# Backpacking with Dogs?



## hikeswithdogs (Oct 16, 2009)

Hi everyone. I'm embarking on a cross-country trip with my dog and looking to do some backpacking along the way. Since I'm not limited by state, this question goes out to all of you:

Where have you gone backpacking that allows dogs, and is a good, multi-day hike for people as well?

Thanks!!
Brenda


----------



## Angus (Oct 18, 2009)

NH State parks do not allow dogs -even leashed although they are more forgiving when you need to cross a state park to get to federal land (i.e. franconia notch). 

given the terrain, I think just about any trail in NE is fine for dogs - at least from a water perspective - some may be too steep/bouldered for ascent or descent.

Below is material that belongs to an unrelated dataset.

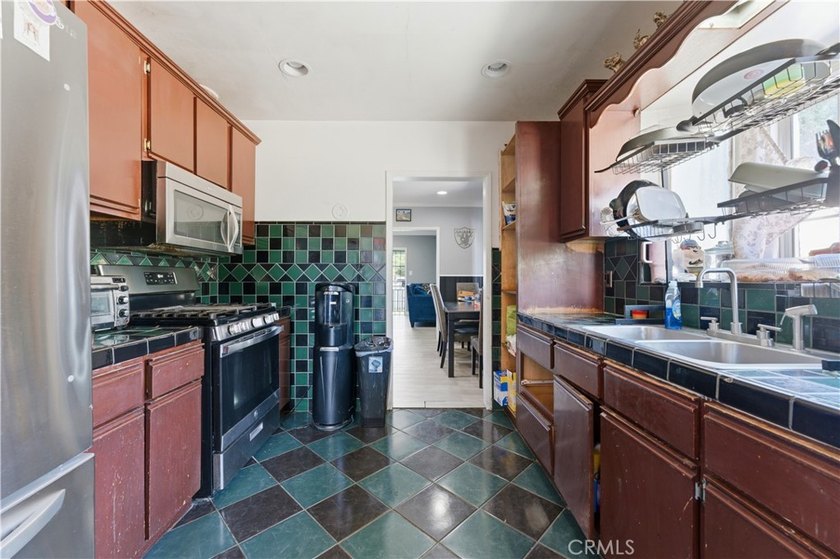 Prepare to be captivated by this stunning residence located in a - photo 6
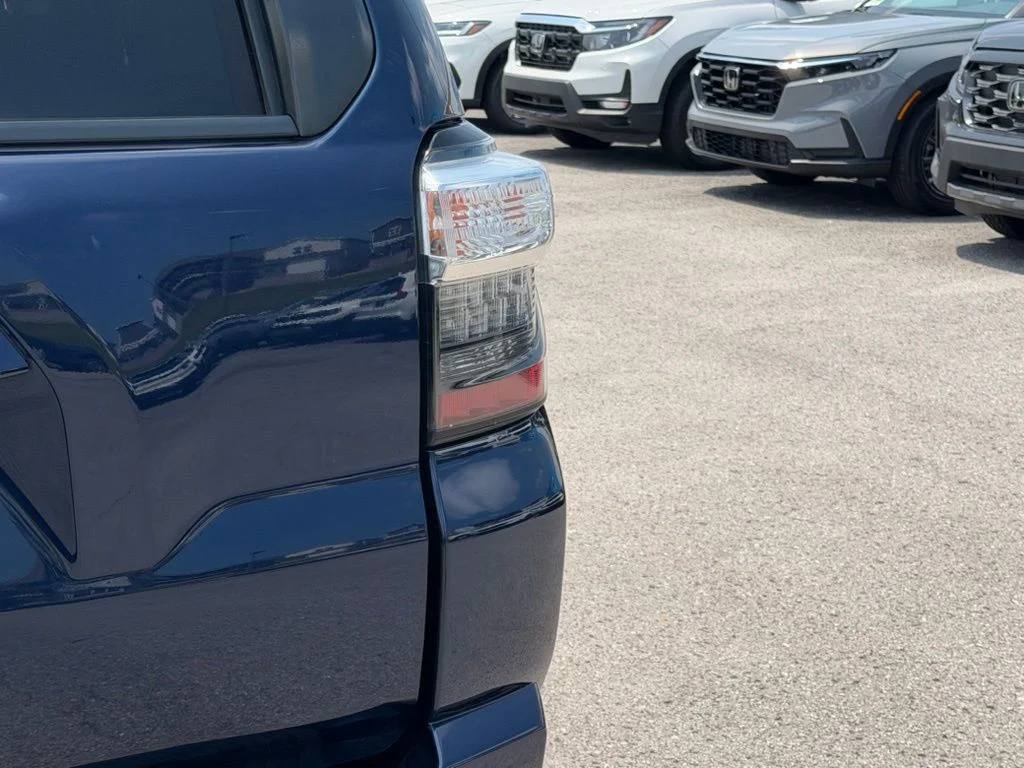 Used 2018 Nautical Blue Metallic Toyota SR5 image 4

on the other hand, although my experience is limited, western state hikes can be pretty brutal on dogs from perspective of terrain chewing up paws and limited water. I was in high Uintas (Utah Mt) and it just beat the crap out of a friends dog - an experience hound.

good luck/be safe


----------



## tjf67 (Oct 19, 2009)

I live in the ADK's.  Dogs are allowed but need to be leashed.   Usually when the vegatation starts to change into the high country I put him on the leash.   The rangers are pretty tolerant of dogs not on leashes on lower elevations but I would not flaunt it in there face.


----------